Here is a breakdown of what has been accomplished so far in the effort to address the city’s vacant properties and the work that remains:
Since January 2014 (40,000 abandoned vacant houses)
- 12,000 demolished
- 3,000 rehabbed
Two-year plan to address remaining 25,000 abandoned houses
- 9,000 to be demolished
- 5,000 to be rehabbed and reoccupied through Land Bank Auction and Nuisance Abatement Program
- 11,000 remaining vacant houses to be boarded up within two years
This $9 million investment toward addressing blight in the city’s neighborhoods is a welcome relief for Darnetta Leak, who has had to look at the vacant houses on S. Annabelle Street for the past several years. “I wake up early to watch the children in the morning as they go to school,” said Leak, “I was never comfortable knowing they walked past the abandoned houses every day. Now, I’m happy because these houses are being boarded up, the children will be safe and the neighborhood will look a lot better.”
Opportunity for returning citizens
The $4.8 million board up program isn’t just good news for residents living near vacant houses. It’s also providing a second chance for 13 returning citizens who have been hired by the City. Eventually, as many as 20 returning citizens may be hired to work on the neighborhood improvement project. One of those people already hired is Lynard Brown, who after just three weeks with the city was promoted to be a crew foreman. Brown had been unable to find work for the past year, until he was hired by City.
“I am so happy to be employed again,” said Brown. “This program has given me a great opportunity to give back and to make a difference.”
How it will work
The houses being boarded up are being identified by registered block clubs in the city working with the Mayor’s Department of Neighborhoods. Approximately 150 organizations were asked to submit their requested list by August 1st. Those lists are being used by the Board Up teams to develop board up zones and boards ups are prioritized based on the date the requests were submitted. Once the requested houses on the list are completed, crews will survey that zone to identify any other vacant houses that require boarding up and address those before they move on to the next zone.
In addition to hiring 40 workers of its own, the City also will be contracting with two community-based organizations to meet the anticipated production of up to 200 houses per week. The city is currently reviewing responses to an RFP it recently issued and will select the two partners in the coming weeks. At full capacity, the city will have 10 three-person crews operating across the city on any given day.

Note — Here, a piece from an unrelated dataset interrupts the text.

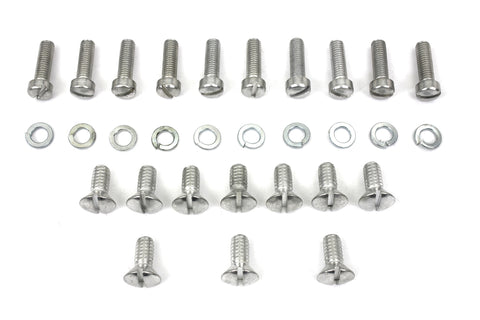 Cadmium Outer Primary Cover Screw Set Stock - V-Twin Mfg.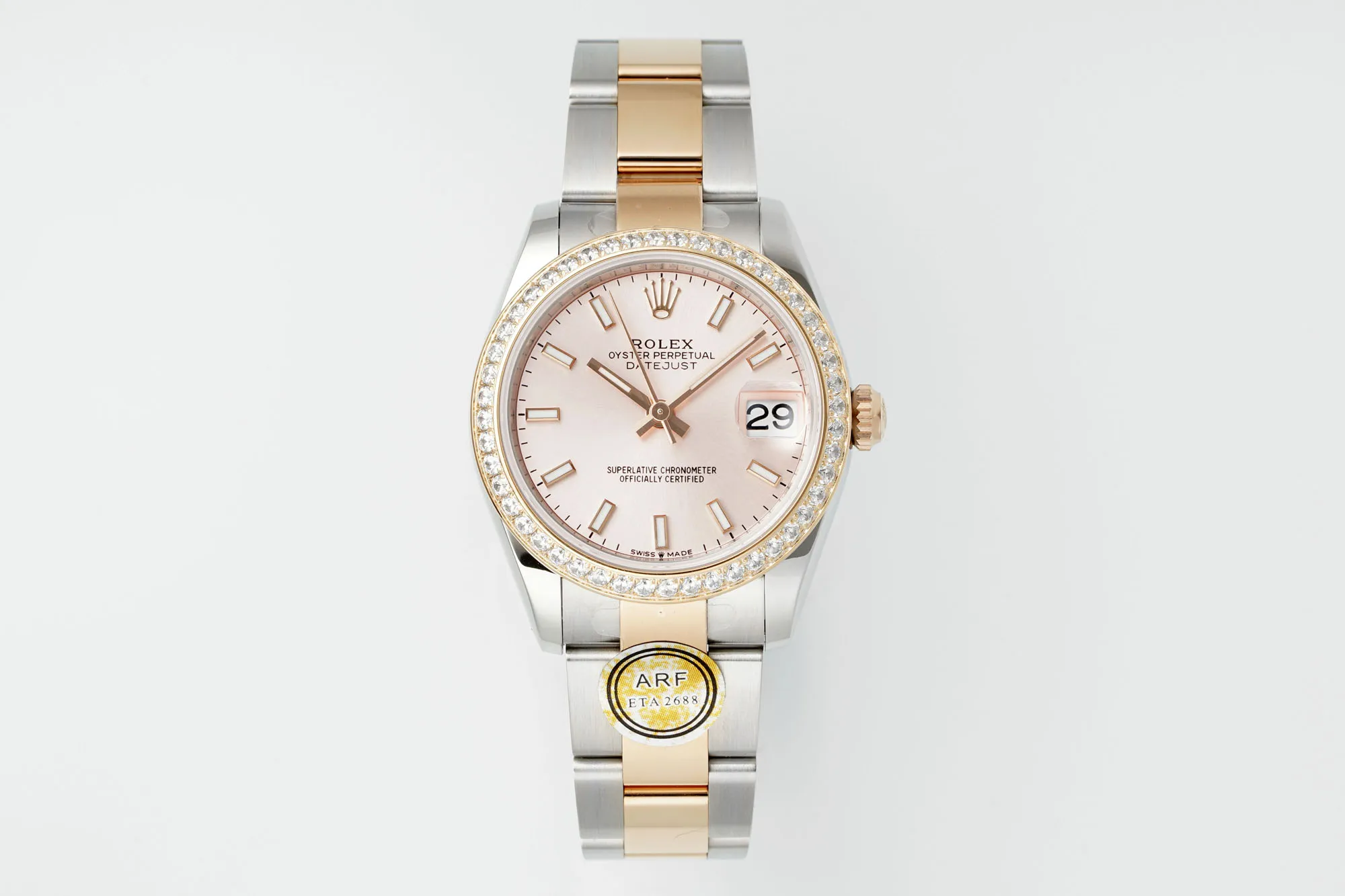AR Factory Rolex Datejust 31mm Two-Tone Stainless Steel and Yellow Gold Pink Dial Diamond Bezel Women’s Watch Sleek 172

The City’s General Services Department Director, Brad Dick, said that he expects to have all 10 crews up and running in the next few months. “By the end of September, we expect to be boarding up 40 houses each week and will double our rate each month until we get up to 200 every week,” Dick said. “So far it’s been going very well and we all very proud of Lynard and all of our returning citizens who have really inspired all of us.”